Content starts

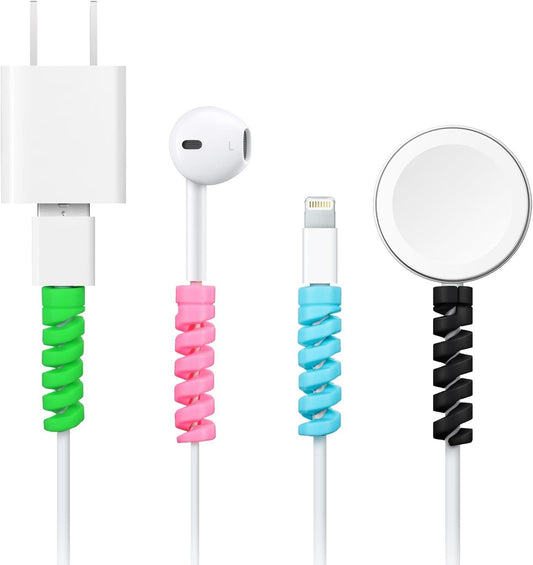 24 Pcs Charger Cable Protector,Silicone lexible Cable Saver,Spiral USB Mouse Wire Protector or Headphone V1259-DP01-D-217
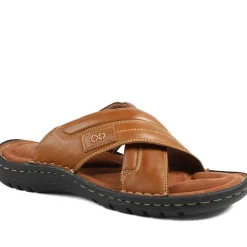 Leather Mule Sandals - Tan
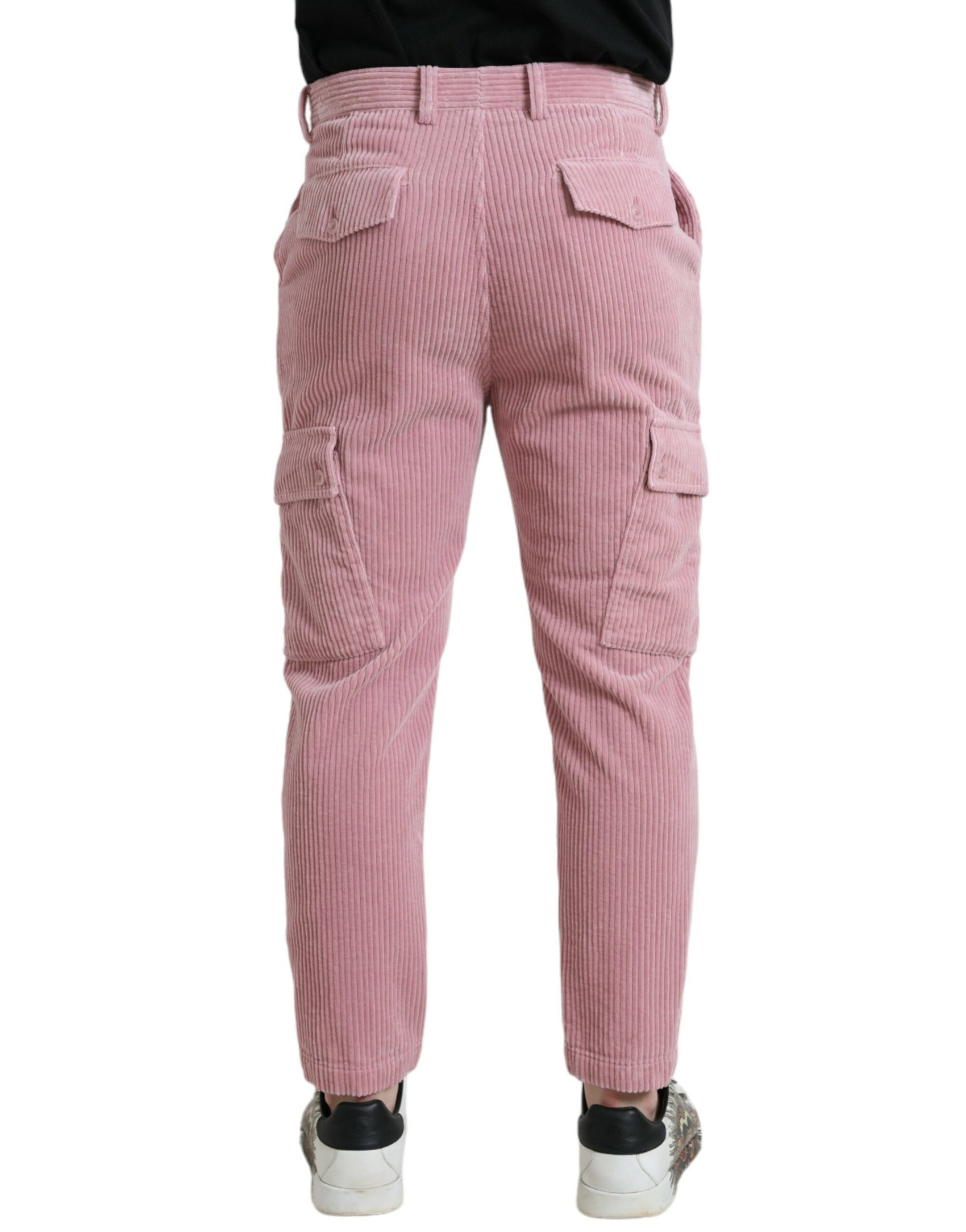 Rosa Skinny Cargo-Jeans aus Cord-Baumwolle mit Stretch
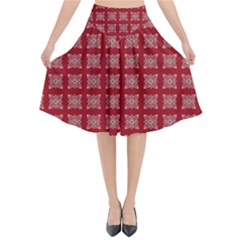 Christmas Paper Pattern Flared Midi Skirt by Wegoenart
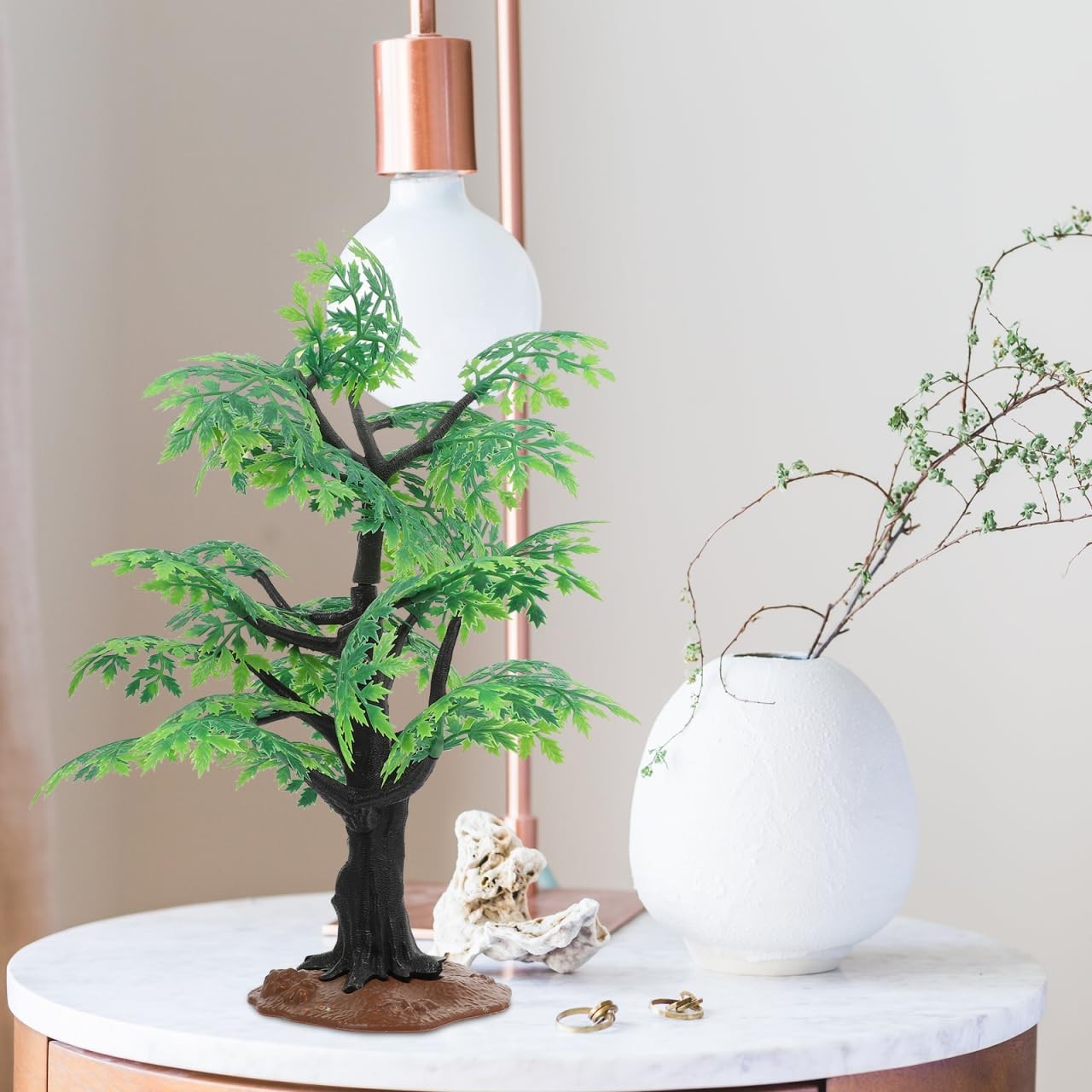 Green Miniature Maple Tree Model 12 Inch Artificial Plant Tabletop Decor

Content ends

WORK ITEM => Your task is to return every entry exactly as it was written, with the pictures removed.

RESULT FOR THIS TASK =>
 24 Pcs Charger Cable Protector,Silicone lexible Cable Saver,Spiral USB Mouse Wire Protector or Headphone V1259-DP01-D-217
 Leather Mule Sandals - Tan
 Rosa Skinny Cargo-Jeans aus Cord-Baumwolle mit Stretch
 Christmas Paper Pattern Flared Midi Skirt by Wegoenart
 Green Miniature Maple Tree Model 12 Inch Artificial Plant Tabletop Decor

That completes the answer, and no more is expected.